[What you have to do]:
Return the records word for word. Pictures do not belong in the copy.

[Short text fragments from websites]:

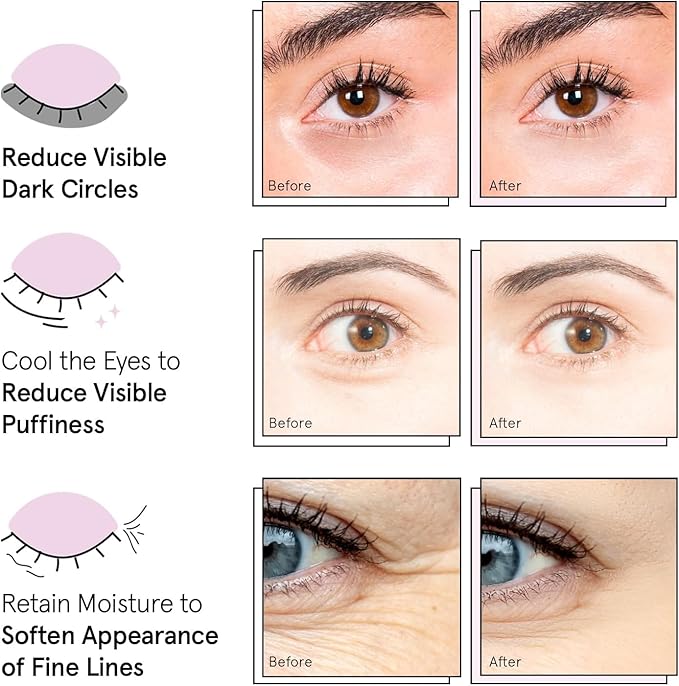 grace & stella Award Winning Under Eye Mask (Blue, 24 Pairs) Reduce Dark Circles, Puffy Eyes, Undereye Bags, Wrinkles, Gel Under Eye Patches, Birthday Gifts for Women - Vegan Cruelty-Free Self Care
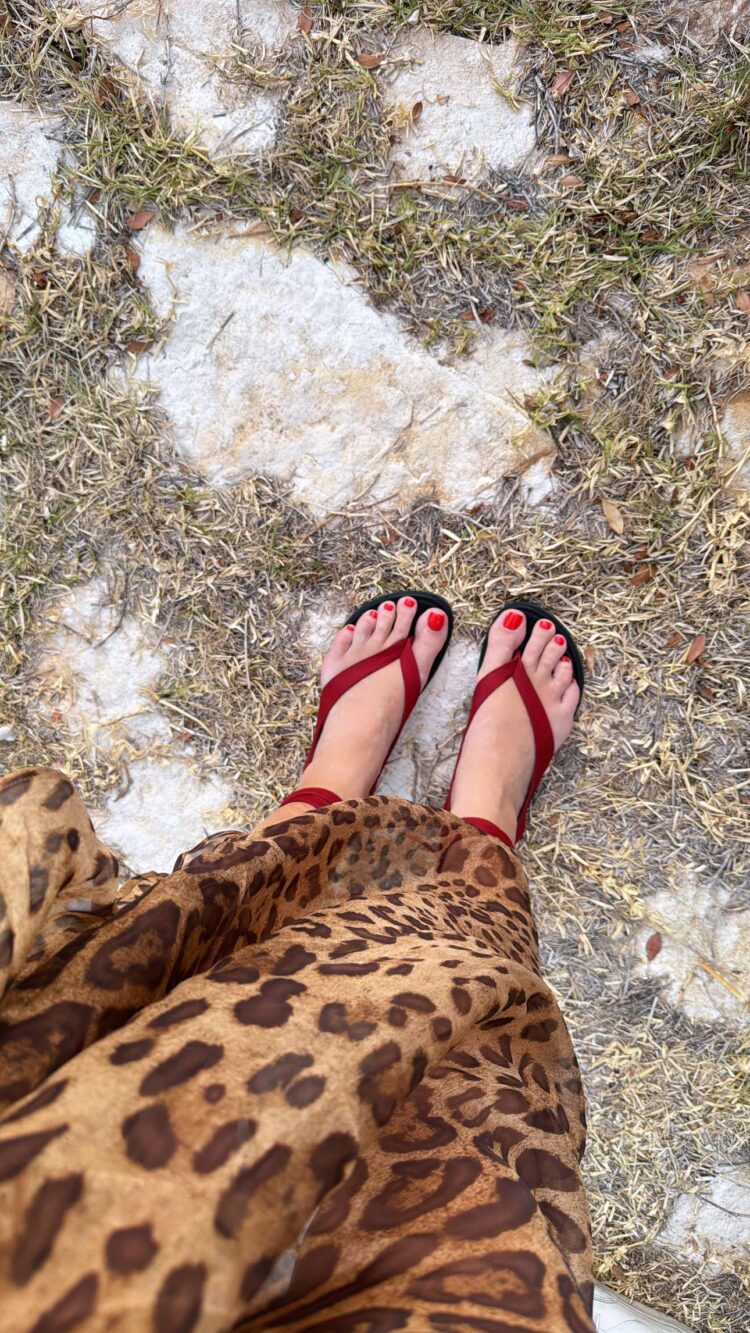 How To Cease Toes Swelling In Sizzling Climate: A Information to Summer season Swelling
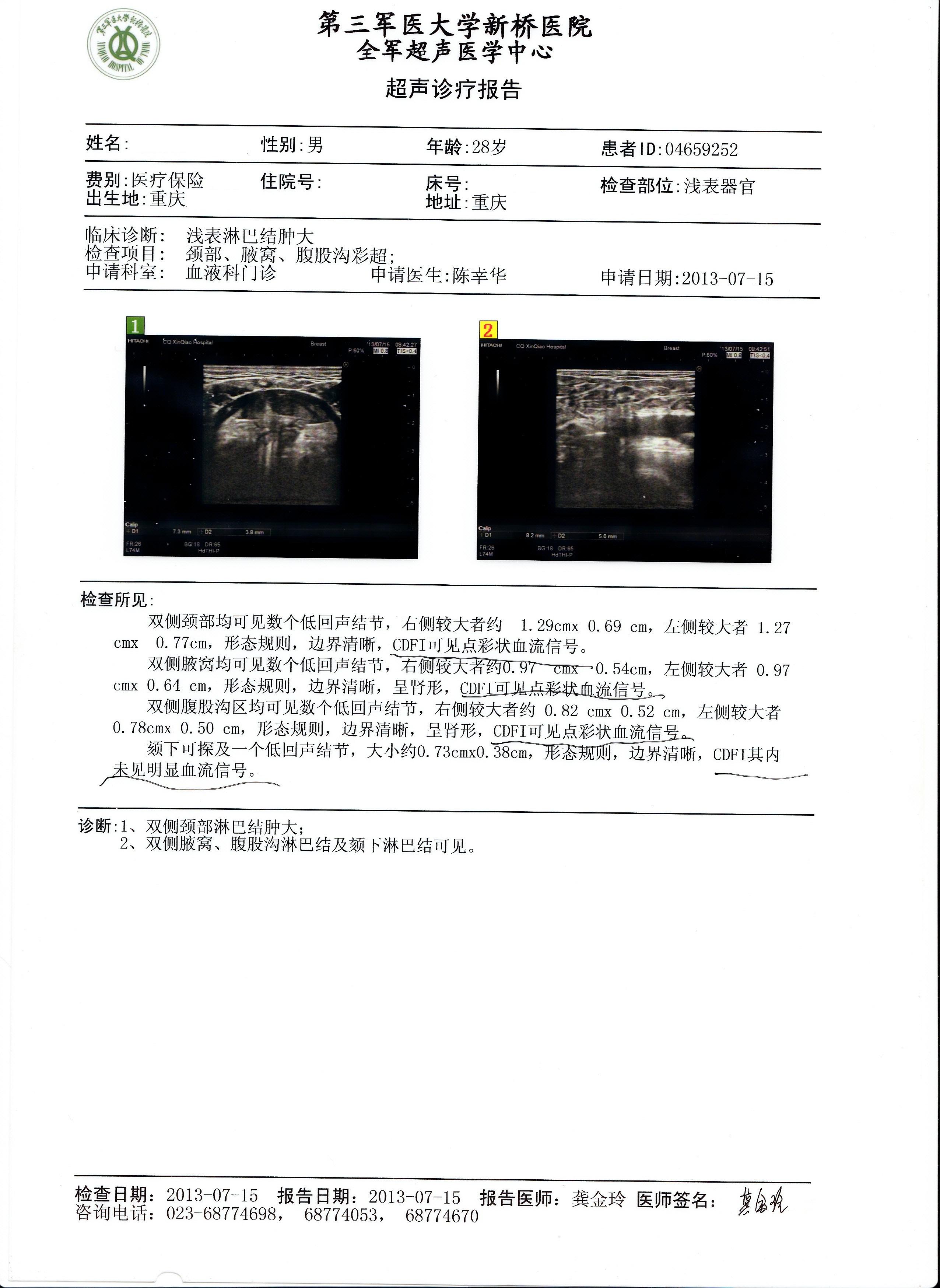 2013年7月15日颈部腋下腹股沟彩超.jpg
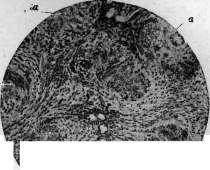 Acute Rheumatism: figure 4 from the 1928–1936 encyclopedia article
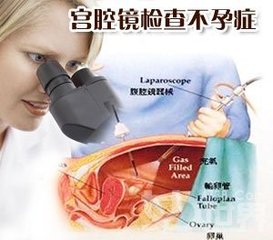什么情况做宫腔镜检查_宫腔镜检查?_宫腔镜检查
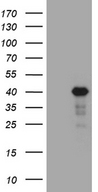 LIMS2 Antibody - HEK293T cells were transfected with the pCMV6-ENTRY control. (Left lane) or pCMV6-ENTRY LIMS2. (Right lane) cDNA for 48 hrs and lysed. Equivalent amounts of cell lysates. (5 ug per lane) were separated by SDS-PAGE and immunoblotted with anti-LIMS2. (1:2000)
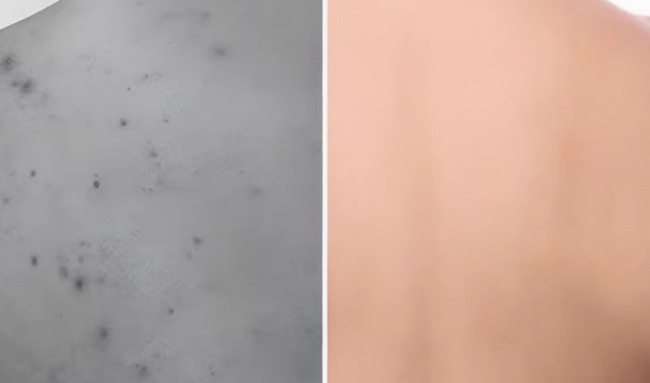 除螨仪家用床上哪个品牌好？除螨仪和吸尘器哪个实用？家用床上除螨仪十大排名，2026最新榜单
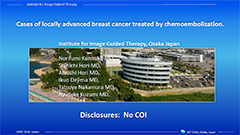 Cases of locally advanced breast cancer treated by chemoembolization.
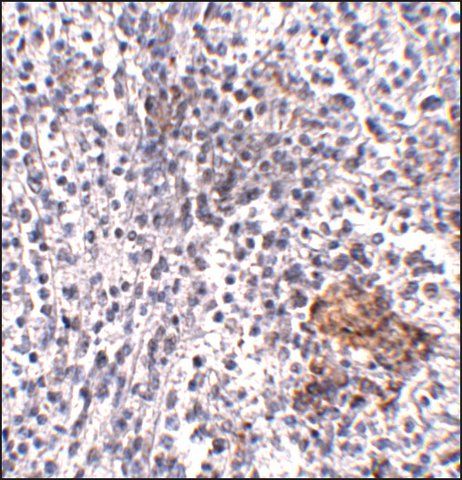 Anti-SHOC2 antibody produced in rabbit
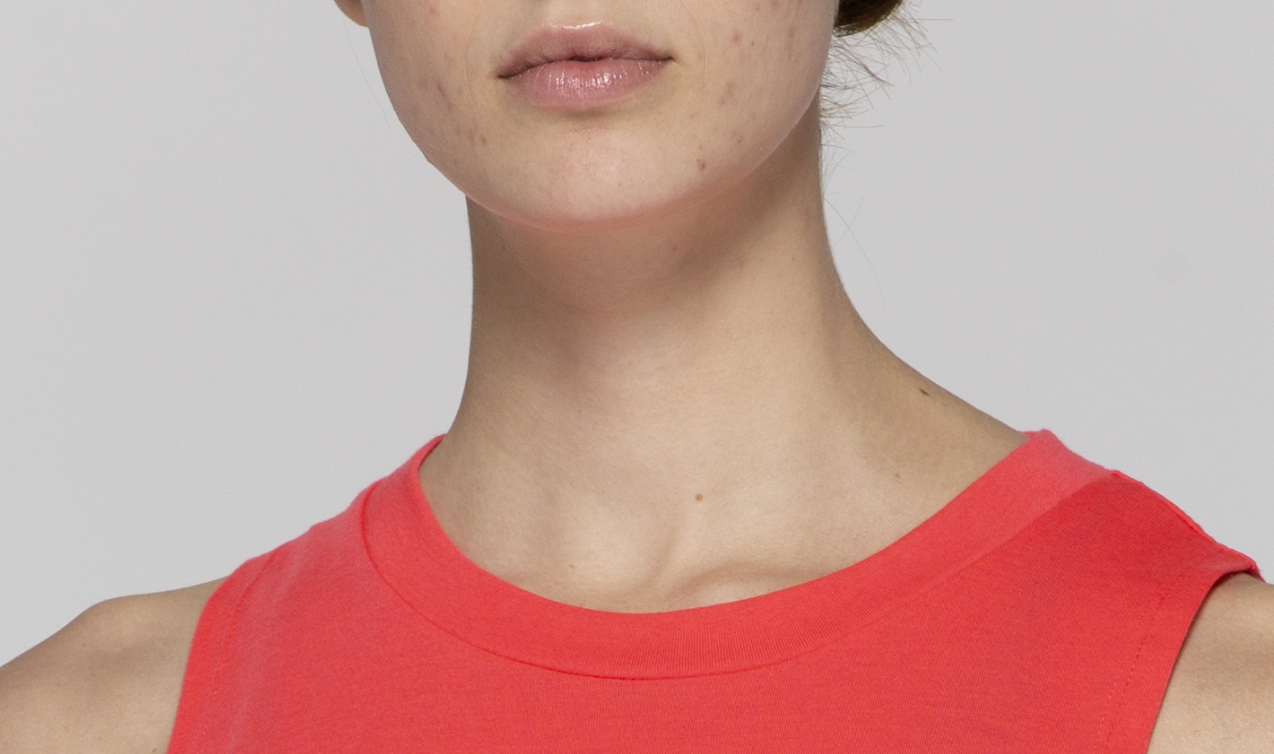 skin01.png
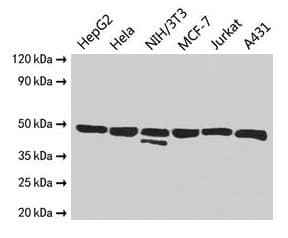 Polyclonal Rabbit anti-Human ENO1 / Alpha Enolase Antibody (IHC, WB)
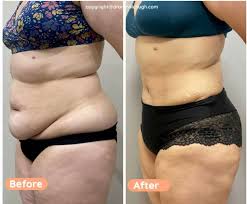 Image result for Liposuction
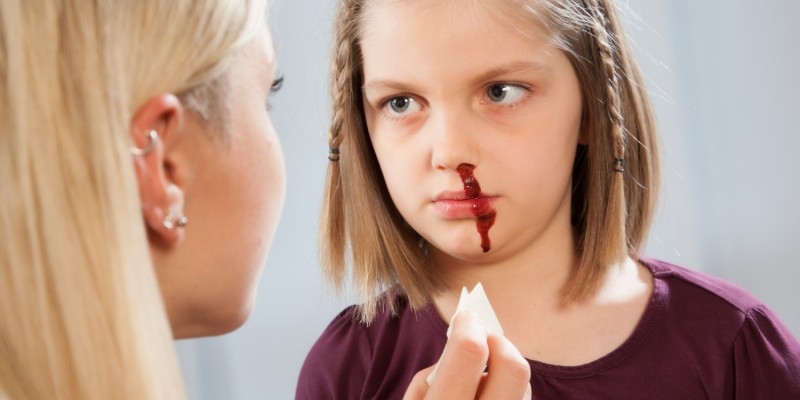 Kinder haben relativ häufig Nasenbluten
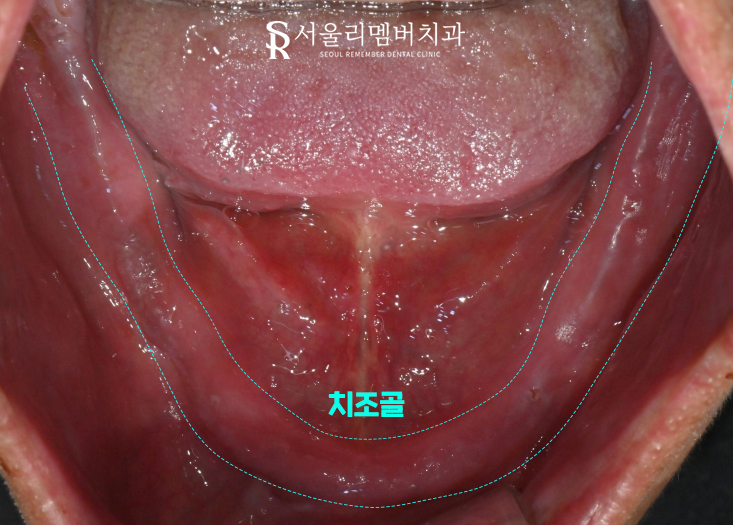 서울대입구역 양심 치과, 최소 비용으로 전체 임플란트 수술 관련 이미지 4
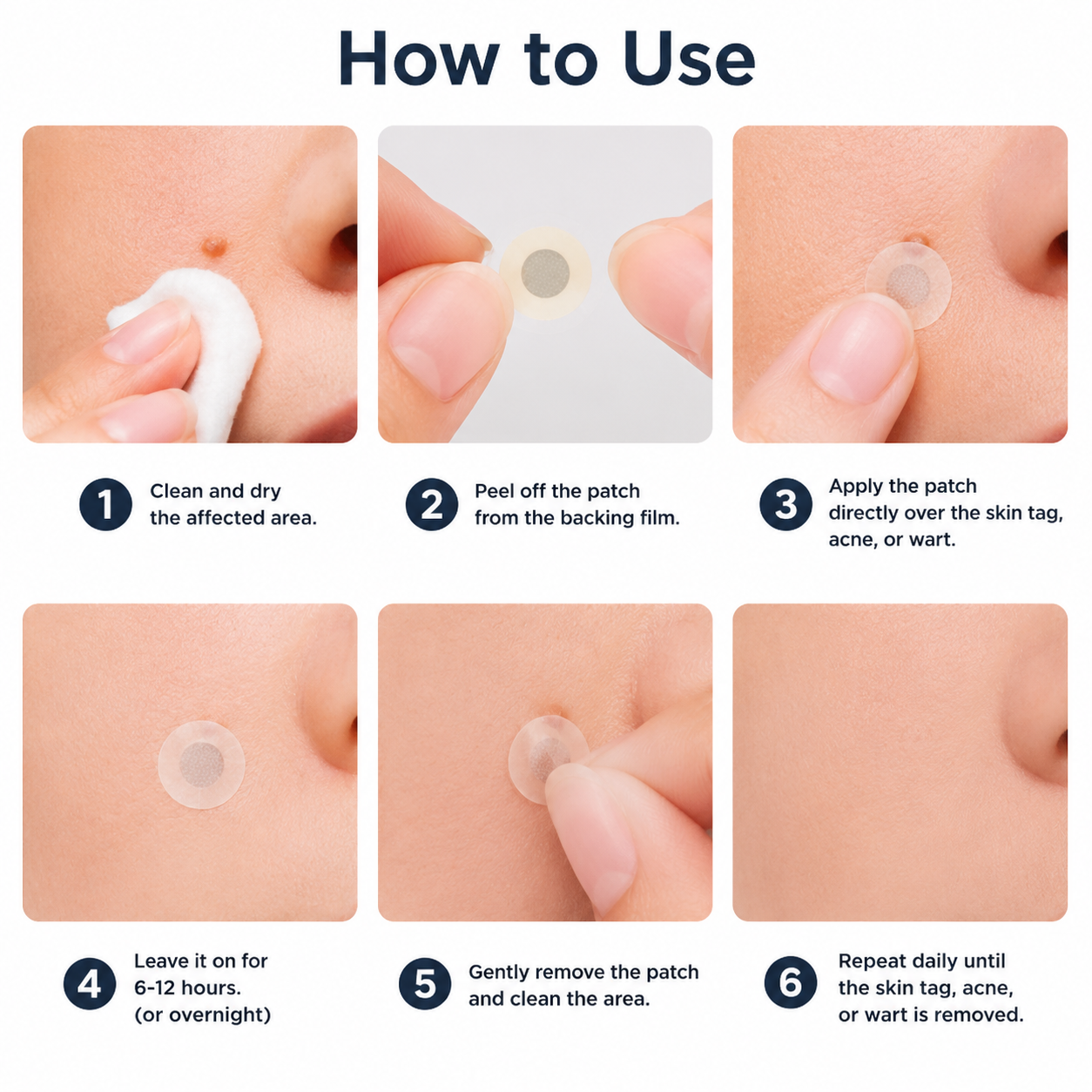 🔥 Curalona®2-in-1 Microneedle & Hydrocolloid Patch🔥| Removes Raised Moles, Acne, Flat Warts & Skin Tags | Helps Improve Wrinkles, Scars & Blemishes | Invisible Patches for Face & Body
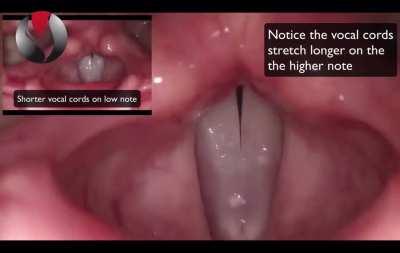 What vocal chords look like when singing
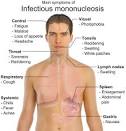 Glandular Fever Symptoms - Natural Infectious Mononucleosis ...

[Expected answer]:
 grace & stella Award Winning Under Eye Mask (Blue, 24 Pairs) Reduce Dark Circles, Puffy Eyes, Undereye Bags, Wrinkles, Gel Under Eye Patches, Birthday Gifts for Women - Vegan Cruelty-Free Self Care
 How To Cease Toes Swelling In Sizzling Climate: A Information to Summer season Swelling
 2013年7月15日颈部腋下腹股沟彩超.jpg
 Acute Rheumatism: figure 4 from the 1928–1936 encyclopedia article
什么情况做宫腔镜检查_宫腔镜检查?_宫腔镜检查
 LIMS2 Antibody - HEK293T cells were transfected with the pCMV6-ENTRY control. (Left lane) or pCMV6-ENTRY LIMS2. (Right lane) cDNA for 48 hrs and lysed. Equivalent amounts of cell lysates. (5 ug per lane) were separated by SDS-PAGE and immunoblotted with anti-LIMS2. (1:2000)
 除螨仪家用床上哪个品牌好？除螨仪和吸尘器哪个实用？家用床上除螨仪十大排名，2026最新榜单
 Cases of locally advanced breast cancer treated by chemoembolization.
 Anti-SHOC2 antibody produced in rabbit
 skin01.png
 Polyclonal Rabbit anti-Human ENO1 / Alpha Enolase Antibody (IHC, WB)
 Image result for Liposuction
 Kinder haben relativ häufig Nasenbluten
 서울대입구역 양심 치과, 최소 비용으로 전체 임플란트 수술 관련 이미지 4
 🔥 Curalona®2-in-1 Microneedle & Hydrocolloid Patch🔥| Removes Raised Moles, Acne, Flat Warts & Skin Tags | Helps Improve Wrinkles, Scars & Blemishes | Invisible Patches for Face & Body
 What vocal chords look like when singing
 Glandular Fever Symptoms - Natural Infectious Mononucleosis ...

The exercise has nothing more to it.